Image-text web data
++++

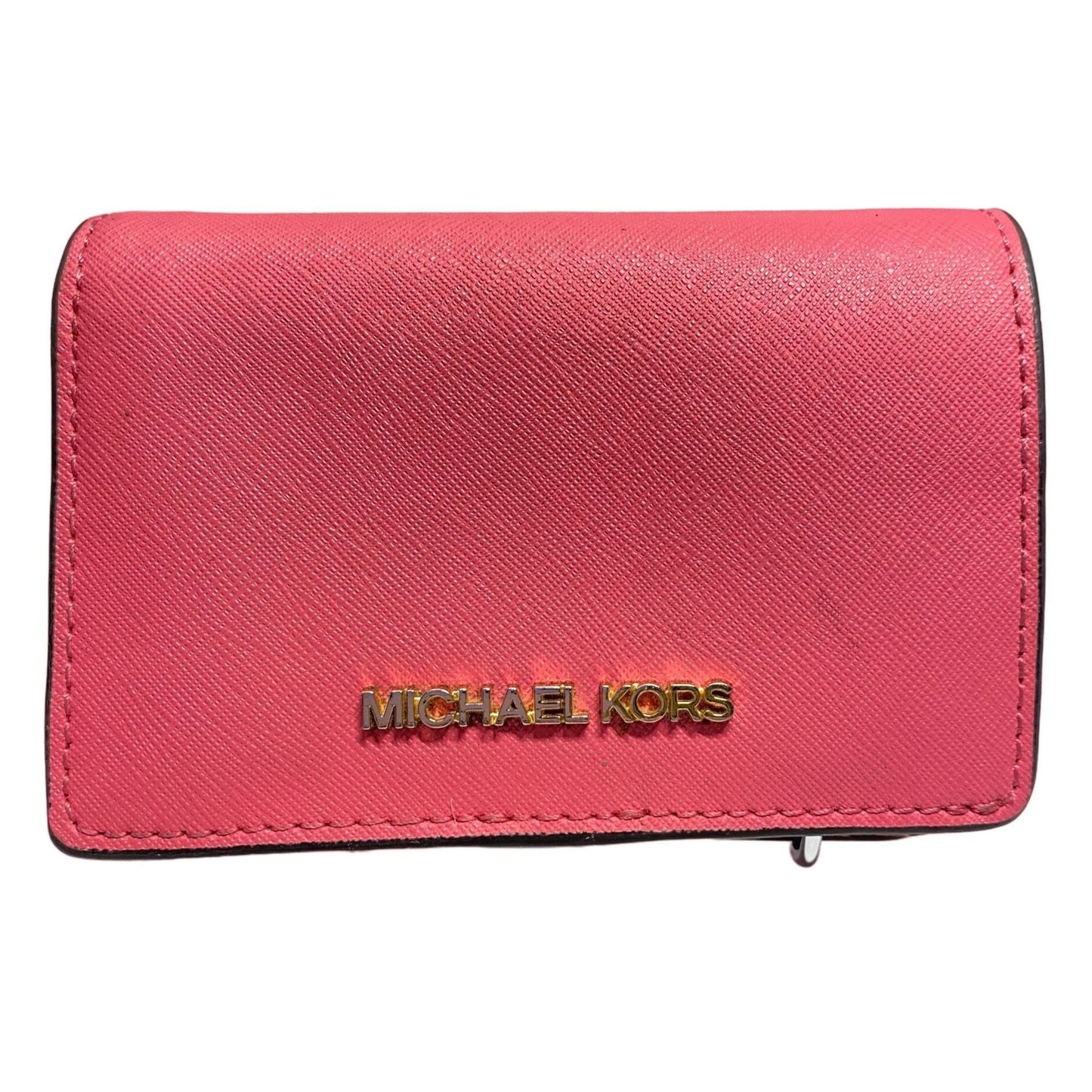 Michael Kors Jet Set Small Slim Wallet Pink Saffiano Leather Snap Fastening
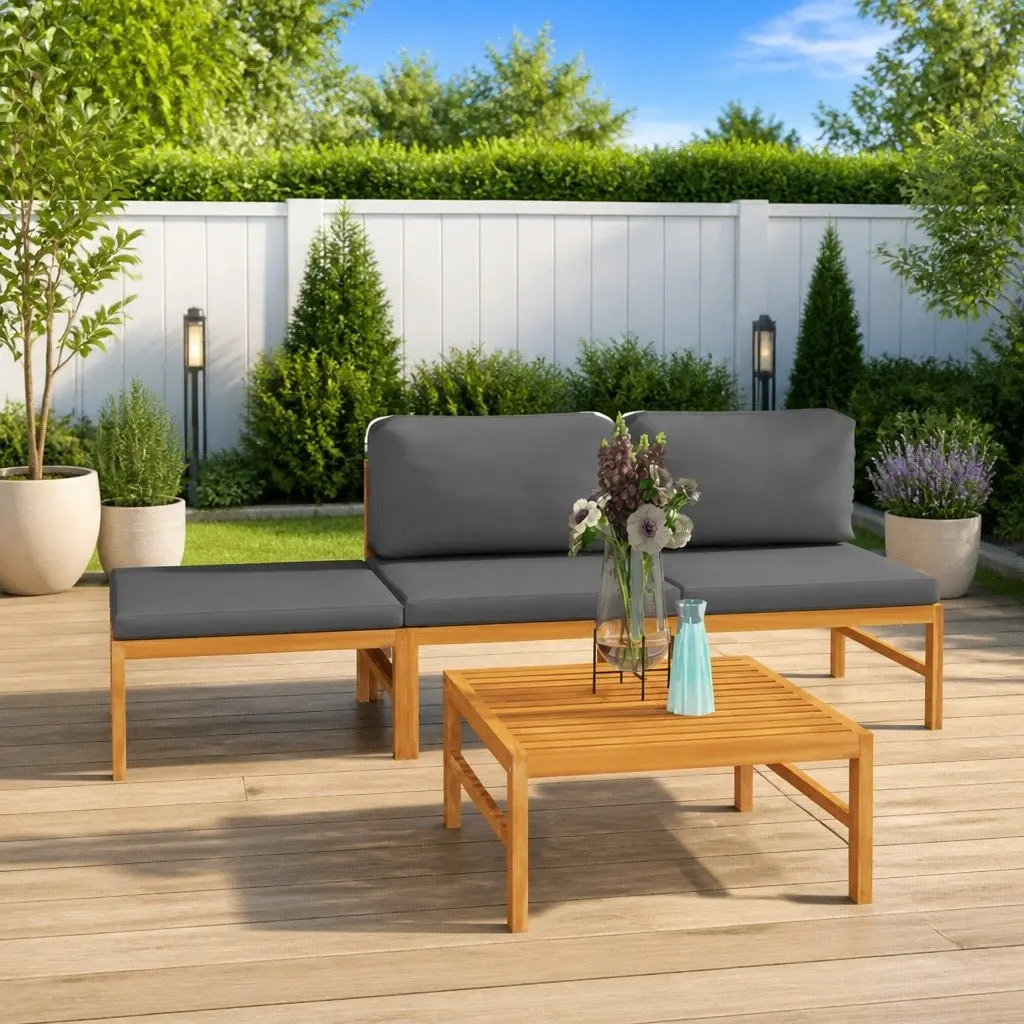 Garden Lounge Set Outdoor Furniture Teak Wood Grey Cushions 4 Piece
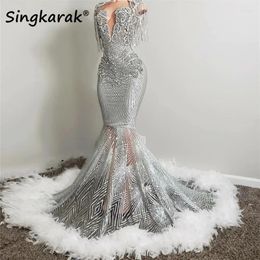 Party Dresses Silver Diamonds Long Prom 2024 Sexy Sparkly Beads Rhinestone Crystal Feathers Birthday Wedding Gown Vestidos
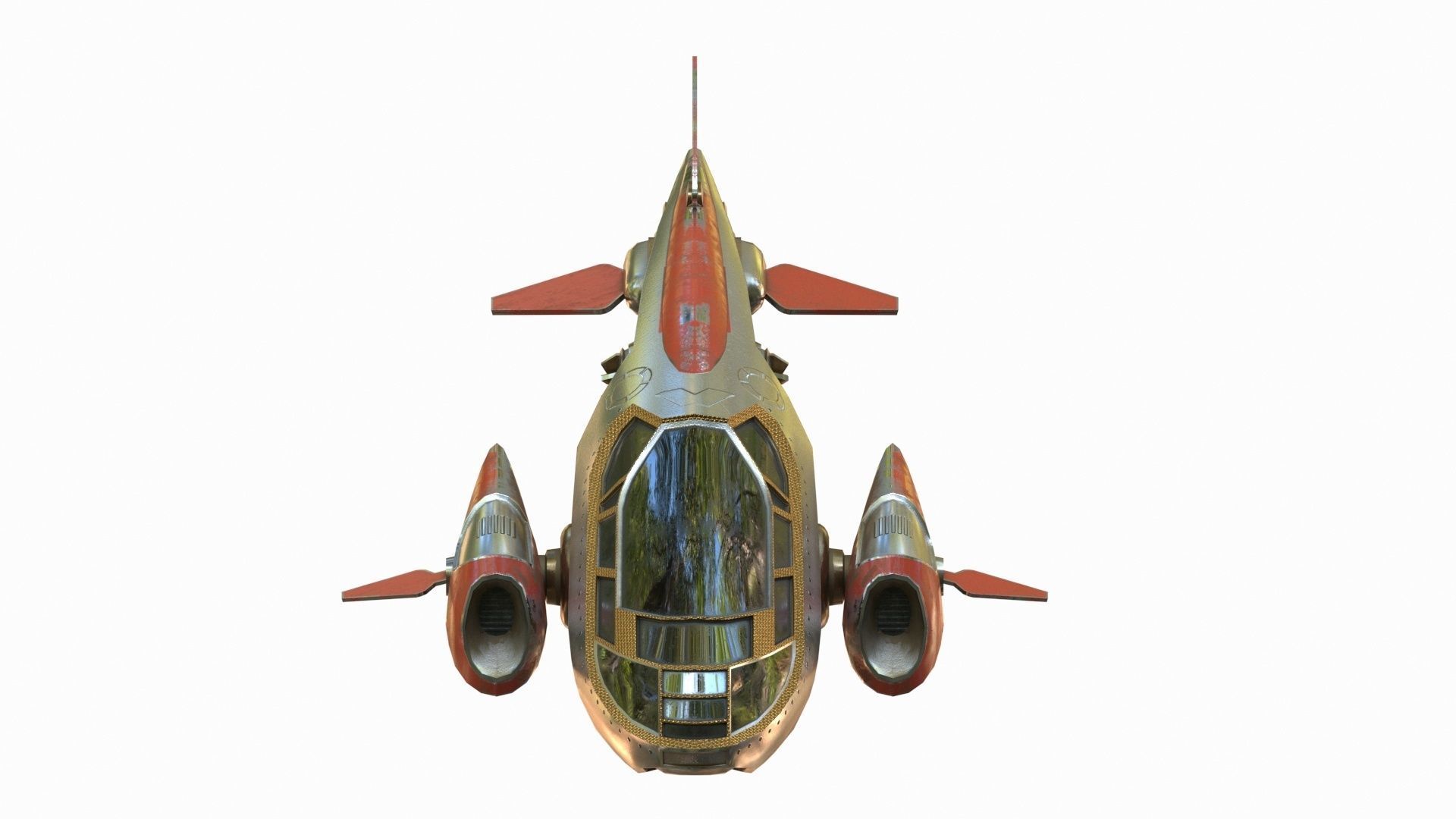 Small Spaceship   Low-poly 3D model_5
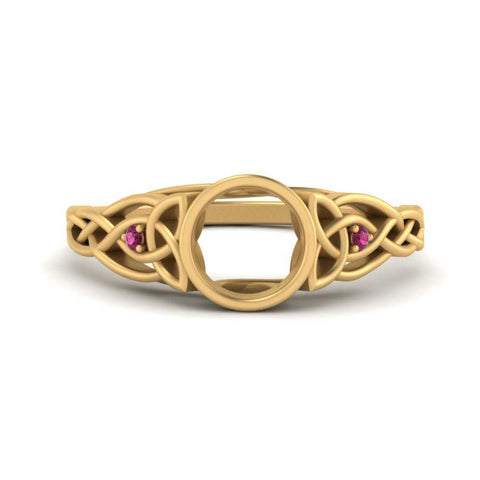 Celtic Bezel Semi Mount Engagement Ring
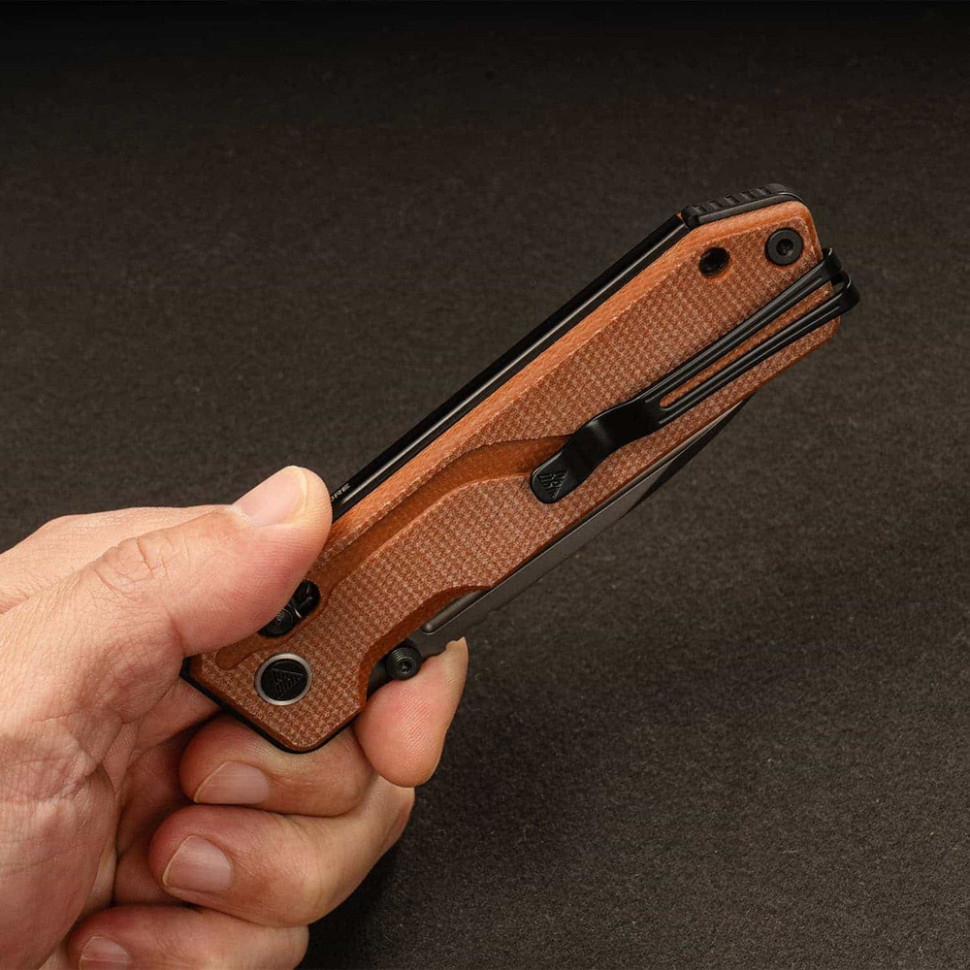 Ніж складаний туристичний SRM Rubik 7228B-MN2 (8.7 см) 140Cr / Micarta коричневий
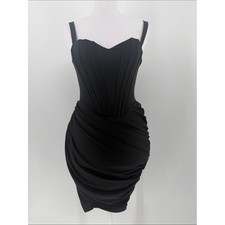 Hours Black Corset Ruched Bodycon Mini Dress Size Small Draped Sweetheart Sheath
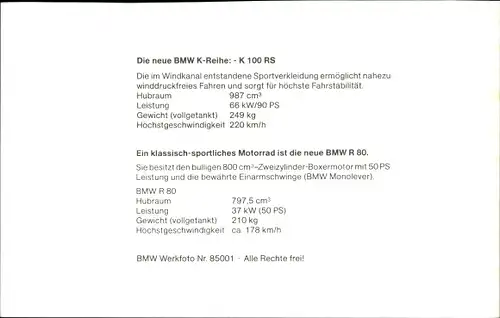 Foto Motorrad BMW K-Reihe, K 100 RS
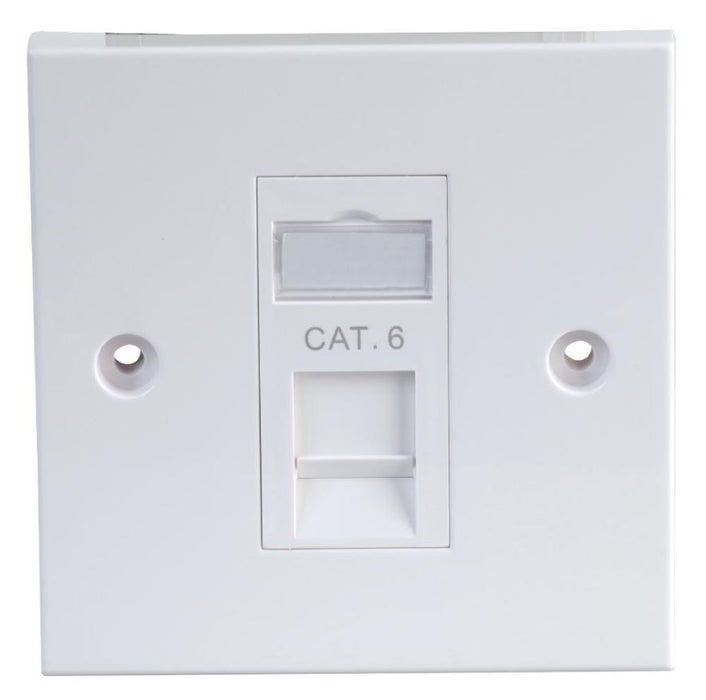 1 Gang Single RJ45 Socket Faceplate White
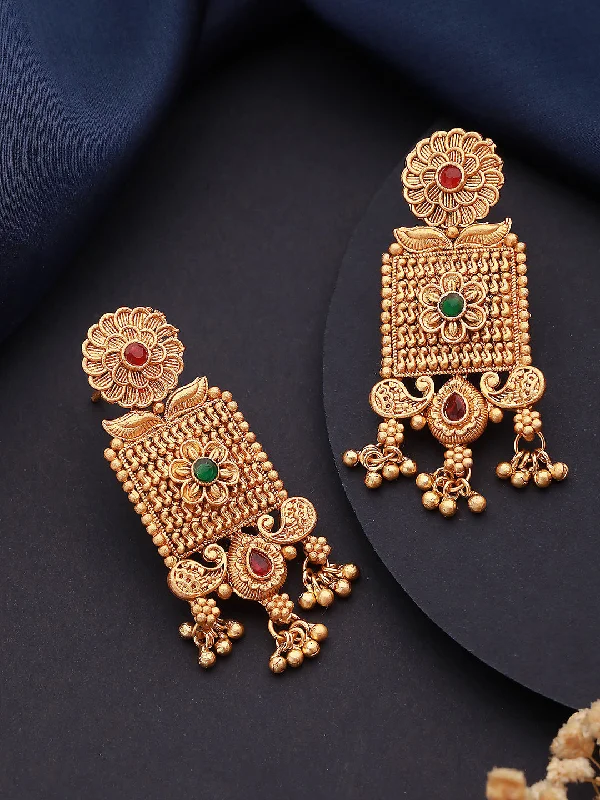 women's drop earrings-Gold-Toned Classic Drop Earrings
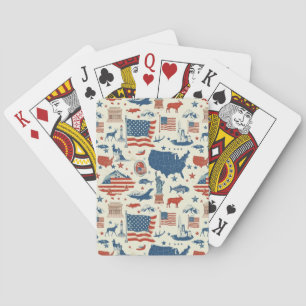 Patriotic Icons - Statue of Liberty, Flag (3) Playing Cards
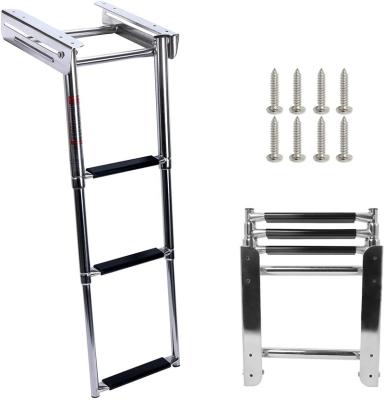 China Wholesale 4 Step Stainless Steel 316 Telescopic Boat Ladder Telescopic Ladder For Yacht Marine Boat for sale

++++

• Problem to solve
Make an exact copy of every entry above, minus the images.

• Answer to the exercise
 Michael Kors Jet Set Small Slim Wallet Pink Saffiano Leather Snap Fastening
 Garden Lounge Set Outdoor Furniture Teak Wood Grey Cushions 4 Piece
 Party Dresses Silver Diamonds Long Prom 2024 Sexy Sparkly Beads Rhinestone Crystal Feathers Birthday Wedding Gown Vestidos
 Small Spaceship   Low-poly 3D model_5
 Celtic Bezel Semi Mount Engagement Ring
 Ніж складаний туристичний SRM Rubik 7228B-MN2 (8.7 см) 140Cr / Micarta коричневий
 Hours Black Corset Ruched Bodycon Mini Dress Size Small Draped Sweetheart Sheath
 Foto Motorrad BMW K-Reihe, K 100 RS
 1 Gang Single RJ45 Socket Faceplate White
 women's drop earrings-Gold-Toned Classic Drop Earrings
 Patriotic Icons - Statue of Liberty, Flag (3) Playing Cards
 China Wholesale 4 Step Stainless Steel 316 Telescopic Boat Ladder Telescopic Ladder For Yacht Marine Boat for sale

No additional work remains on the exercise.